Re: warning message in standby

Tom Lane <tgl@sss.pgh.pa.us>

From: Tom Lane <tgl@sss.pgh.pa.us>
To: Robert Haas <robertmhaas@gmail.com>
Cc: Bruce Momjian <bruce@momjian.us>, Magnus Hagander <magnus@hagander.net>, Heikki Linnakangas <heikki.linnakangas@enterprisedb.com>, Simon Riggs <simon@2ndquadrant.com>, Fujii Masao <masao.fujii@gmail.com>, PostgreSQL-development <pgsql-hackers@postgresql.org>
Date: 2010-06-14T14:57:08Z
Lists: pgsql-hackers
Robert Haas <robertmhaas@gmail.com> writes:
> On Mon, Jun 14, 2010 at 10:38 AM, Tom Lane <tgl@sss.pgh.pa.us> wrote:
>> That's a different question altogether ;-).
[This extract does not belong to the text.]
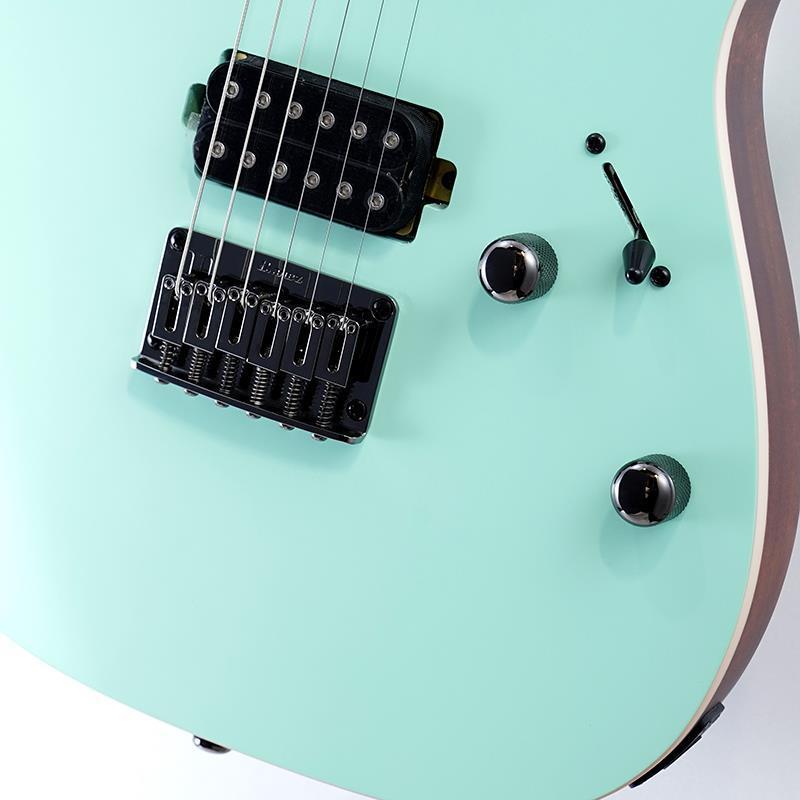 Ibanez RG421S-SEM (Sea Shore Matte) [SPOT MODEL]の画像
I assume you're not
>> satisfied by the change Heikki committed a couple hours ago?
>> It will at least try to do something to recover.

> Yeah, I'm not satisfied by that.  It's an improvement in the technical
> sense - it replaces an infinite retry that spins at top speed with a
> slower retry that won't flog your CPU quite so badly, but the chances
> that it will actually succeed in correcting the underlying problem
> seem infinitesimal.

I'm not sure about that.  walreceiver will refetch from the start of the
current WAL page, so there's at least some chance of getting a good copy
when we didn't have one before.

However, I do agree that it's not helpful to loop forever.  If we can
easily make it retry once and then PANIC, I'd be for that --- otherwise
I tend to agree that the best thing is just to PANIC immediately.  There
are many many situations where a slave resync will be necessary; a
transmission error on the WAL data is just one more.